The global Human Development Report of 2023-24 has been released recently by the United Nations Development Program (UNDP) from New York. Since 1990, this report has been presenting rankings of countries in the Human Development Index (HDI).

The HDI of a country is measured by four indicators, as follows:

* Gross national Income per capita (in PPP $)

* Life expectancy at birth (years)

* Expected years of schooling (years)

* Mean years of schooling (years)

The value of the HDI ranges from 0 to 1. Grouping of countries is done on the following basis:


High: 0.8 to 1.0

Medium: 0.550 to 0.8

Low: Below 0.550


The extremely depressing finding from the report is that according to the latest ranking Pakistan is ranked 164thout of 193 countries. With HDI of 0.540 it is in the group of countries with a low level of human development.

Pakistan has fallen from the medium to low level of human development over the years. According to the 2020 ranking, Pakistan was in the 154th position. The HDI value was 0.557 and it was characterized as a country with a medium level of human development. In the 2021-22 ranking it fell to the 161st position and was relegated to countries with a low level of HDI.

The source of further concern is that Pakistan is ranked in the HDI way below Bangladesh and India. Bangladesh has a HDI of 0.670, which is 24% higher than that of Pakistan. It is in the medium group of countries with the 129th rank. India has a HDI of 0.644 and is also in the medium group of countries, with the 134th ranking.

Pakistan’s performance in the HDI over the decades since 1990 has varied, with the decade, 2000 to 2010, showing the biggest cumulative increase in the index of 14.3%. The smallest increase of 8.1% has been witnessed in the last decade from 2010 to 2020. The best performance in increasing the index was witnessed in Bangladesh during the decade from 1990 to 2000, and from 2000 to 2010 in the case of India.

A comparison between Pakistan, India and Bangladesh reveals that in relative terms Pakistan does more poorly in the mean years of schooling indicator. It is 7.4 years in Bangladesh, 6.6 years in India and only 4.5 years in Pakistan. The smallest difference between Bangladesh and Pakistan is observed in the indicator related to life expectancy at birth. It is reported at 73.7 years in Bangladesh and at 66.4 years in Pakistan.

The global Human Development Report of the UNDP for 2023-24 also presents the latest estimates of the incidence of poverty in each country. Poverty has been measured either as multidimensional poverty or as the incidence of poverty below the international poverty line of 2017 PPP $ 2:15 per day.

There is an extraordinary finding from this report. While Pakistan does relatively poorly in relation to Bangladesh and India in the HDI as highlighted above, the surprise is that it has a lower incidence of poverty, when measured with respect to the international poverty line. It is reported at only 4.9% in Pakistan and significantly higher at 10.9% in India and 13.5% in Bangladesh. This type of sharp contradiction between related indicators needs to be clearly investigated by the UNDP.
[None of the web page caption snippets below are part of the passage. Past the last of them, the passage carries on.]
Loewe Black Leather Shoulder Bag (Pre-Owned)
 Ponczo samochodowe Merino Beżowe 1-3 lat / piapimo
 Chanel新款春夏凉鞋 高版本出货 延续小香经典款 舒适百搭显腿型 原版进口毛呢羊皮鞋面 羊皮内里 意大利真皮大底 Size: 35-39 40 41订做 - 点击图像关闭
The causes of the fall in human development of Pakistan from the medium to the low-level need to be investigated. The first question is what has been happening to the public outlay on education and health by the federal and provincial governments?

The PRSP progress reports by the federal Ministry of Finance give estimates of the total public expenditure on education and health respectively. There appears to have been a big decline in the level of spending on education as a % of the GDP. It was 2.1% of the GDP in 2017-18, which has fallen sharply to only 1.3% of the GDP in 2021-22. However, the level of health spending has risen from 1.1% of the GDP to 1.4% of the GDP.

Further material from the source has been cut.